Eärnur
Eärnur | ||
---|---|---|
Tolkien-personage | ||
Titel | Koning van Gondor | |
Geslacht | Man | |
Afkomst | Mens, Dúnadain | |
Geboortejaar | III 1928 | |
Overlijdensjaar | III 2050 (?) | |
Familie | ||
Vader | Eärnil II | |
Nageslacht | geen | |
Afstamming | Lijn van Elendil |
Eärnur is een personage in J.R.R. Tolkiens fictieve wereld Midden-aarde.

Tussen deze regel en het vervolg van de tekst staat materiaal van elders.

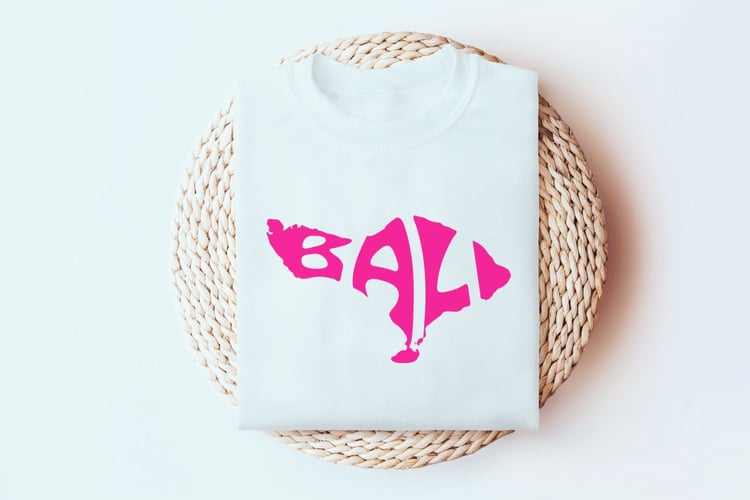 This design features the word 'Bali' seamlessly integrated into the silhouette of the island, perfect for anyone who loves this tropical paradise.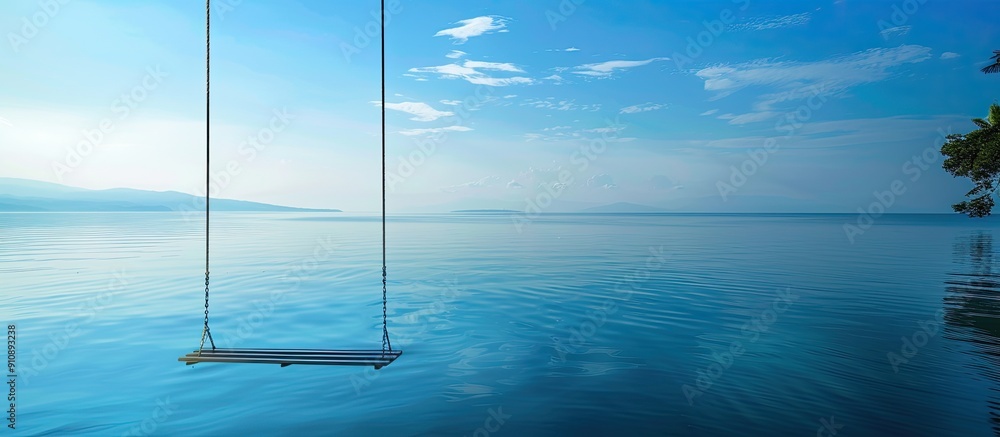 Poster serene sea view with an empty swing offering copy space image peaceful morning by the water reflecti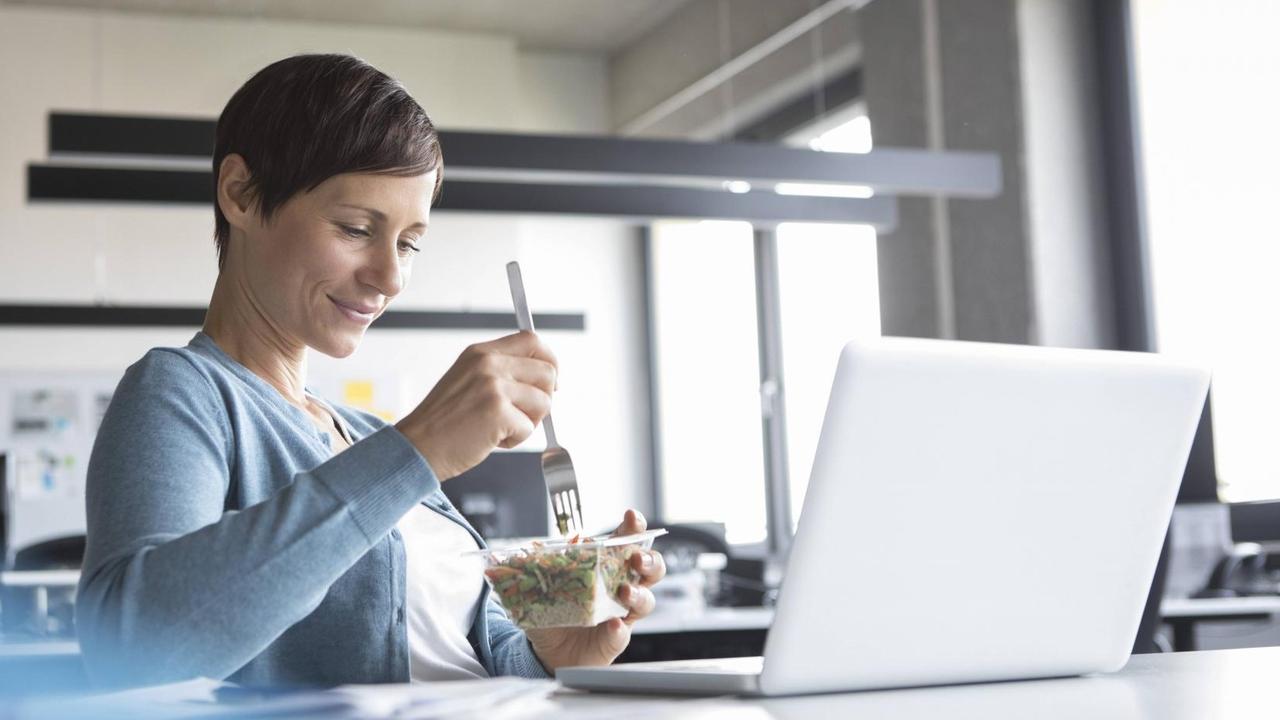 Eine junge Frau isst einen Salat vor ihrem aufgeklappten Laptop.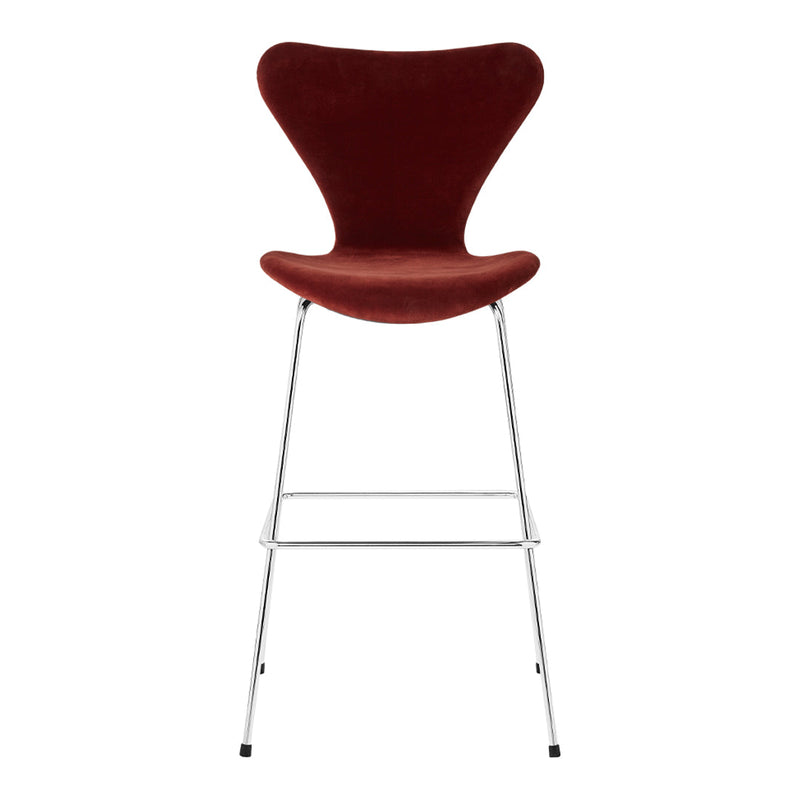 Red velvet bar stool with a sleek chrome base, showcasing a smooth, modern design. Ideal for stylish interiors.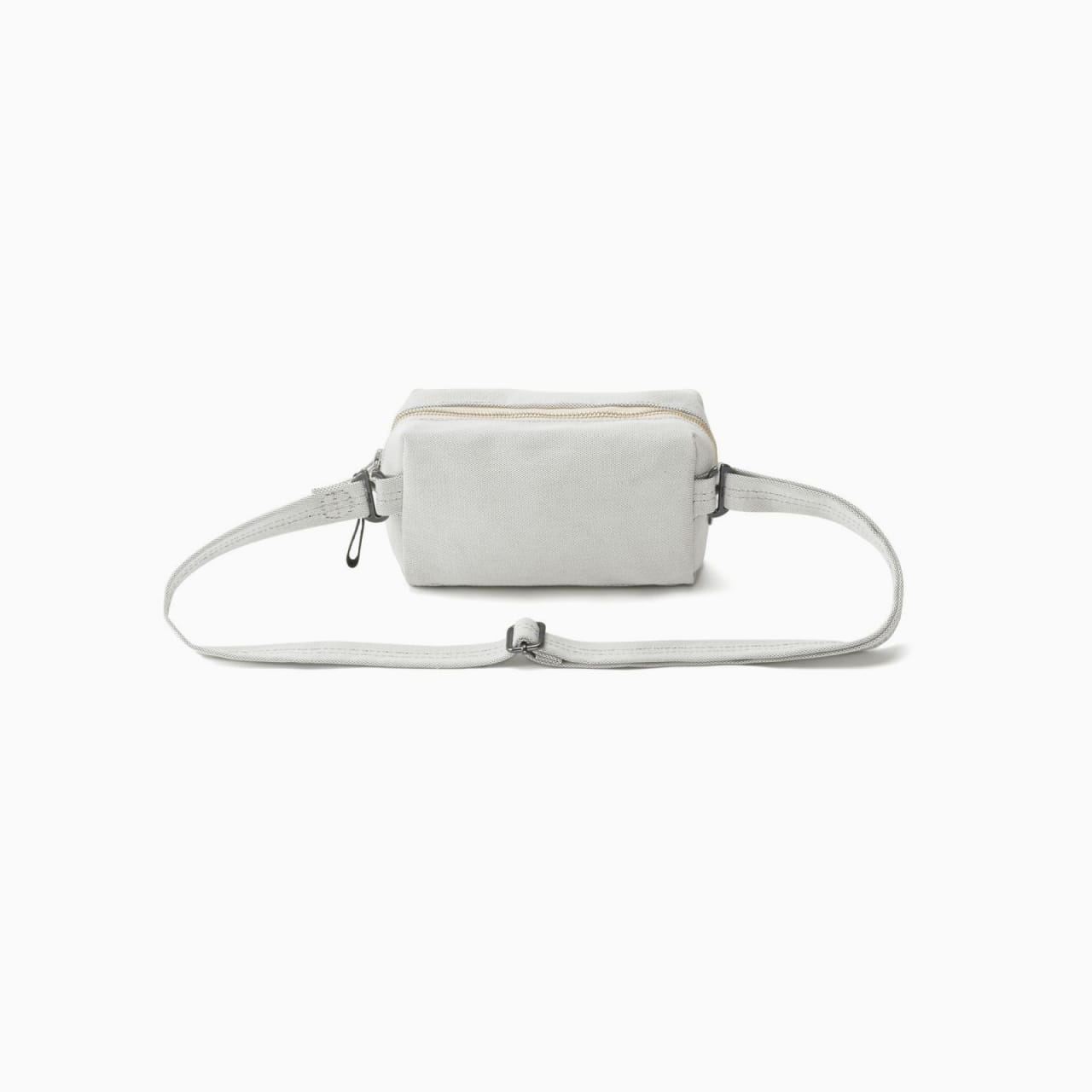 Light grey canvas shoulder bag with matching strap, zipper, and metal strap rings.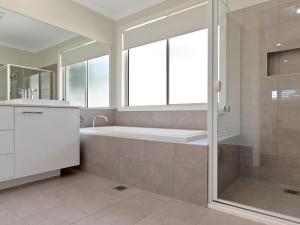 a bathroom with a tub and a shower with a window at Pollys in Callala Bay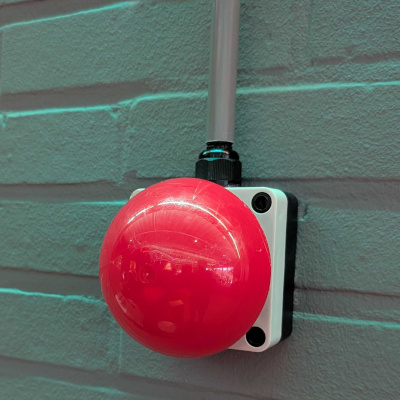 A physical Big Red override button mounted on the wall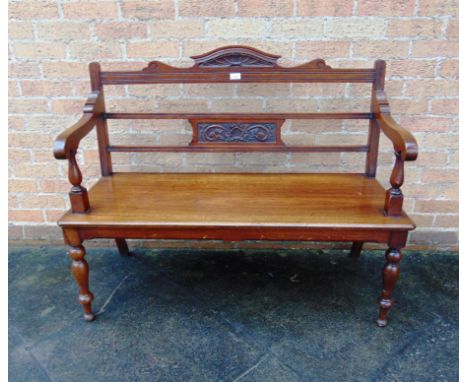 AN EDWARDIAN MAHOGANY HALL BENCH  with carved decoration on turned supports, 122cm wide 55cm deep 96cm high
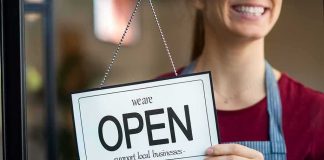 Shop worker holding an open sign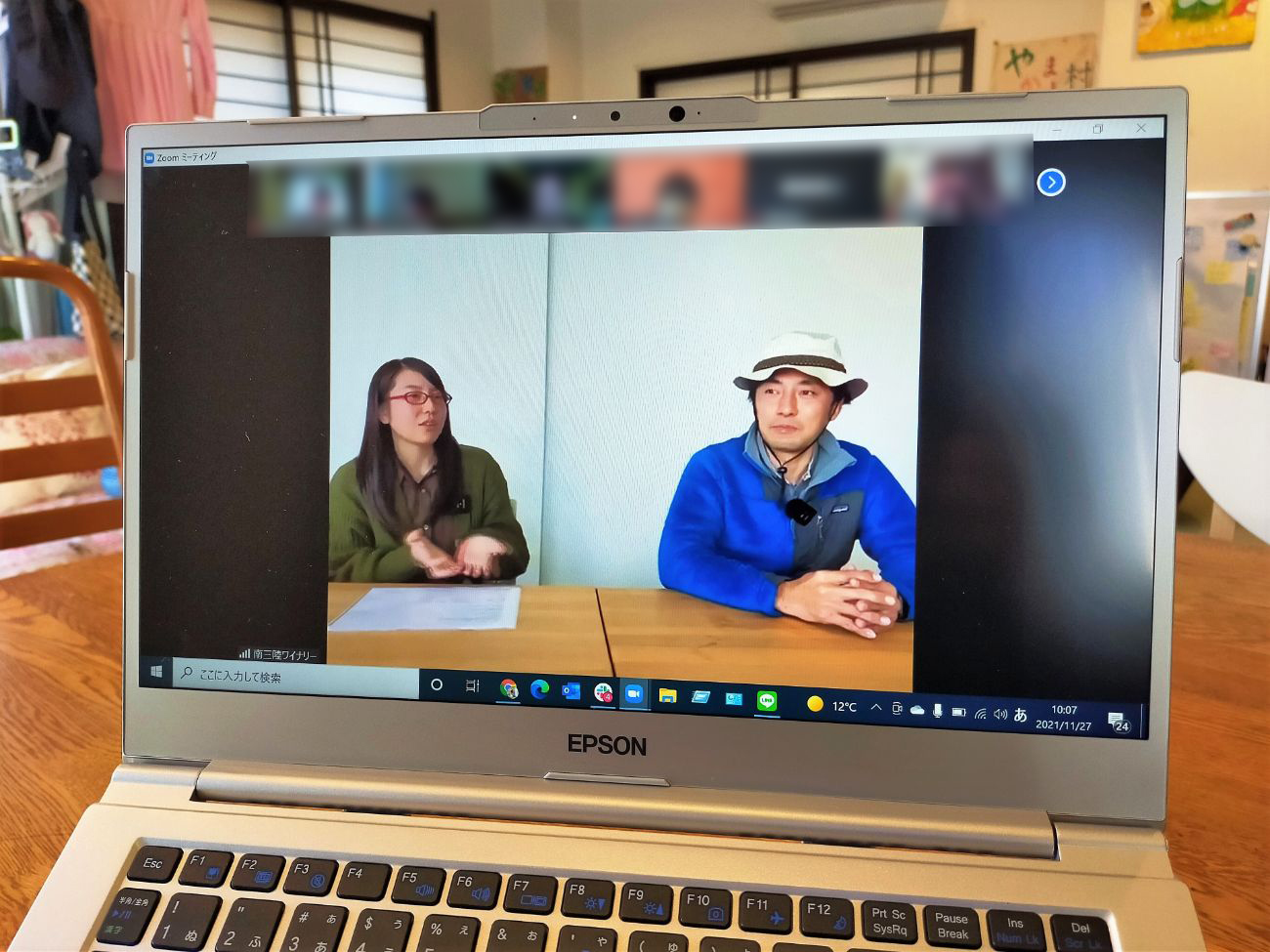 ノートパソコンの画面に、緑のカーディガンを着た及川希さんと青い上着に白い帽子をかぶった佐々木道彦さんが机の前に横に並んで座り、オンライン会議アプリ「Zoom」で話している様子が映し出されている写真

Hij werd geboren in het jaar 1928 van de Derde Era. Eärnur was sterk en moedig, de beste zwaardvechter in Gondor, maar niet zo wijs als zijn vader, Eärnil II die hij 2043 opvolgde als de 33ste koning van Gondor.
In 1975 leidde Eärnur een vloot naar de Dúnedain in Arnor. Zijn troepen marcheerden naar Fornost, dat was ingenomen door de Tovenaar-koning van Angmar. Samen met de Elfen uit Lindon versloeg Eärnur de Tovenaar-koning van Angmar en verjoeg hem uit Fornost. Eärnur ging samen met de Elf Glorfindel achter de Tovenaar-koning maar deze wist in een confrontatie uiteindelijk te ontsnappen. Eärnur was kwaad en wilde wraak.
Hij ging terug naar Gondor en de Tovenaar-koning ging naar Mordor, waar hij in het jaar 2000 de andere acht Nazgûl verzamelde en de stad Minas Ithil aanviel. In het jaar 2002 veroverde hij het en werd het omgedoopt tot Minas Morgul.
Eärnur werd koning van Gondor in het jaar 2043. De Tovenaar-koning van Angmar daagde hem uit tot een gevecht, maar de stadhouder van Gondor overtuigde Eärnur om niet te gaan. In 2050 daagde de Tovenaar-koning hem opnieuw uit. Deze keer ging Eärnur wel akkoord. Hij reed naar Minas Morgul en werd nooit meer teruggezien.
Eärnur liet geen erfgenaam achter. en gedurende bijna 1000 jaar zou Gondor bestuurd worden door stadhouders, totdat Aragorn II in het jaar 3019 de troon opeiste.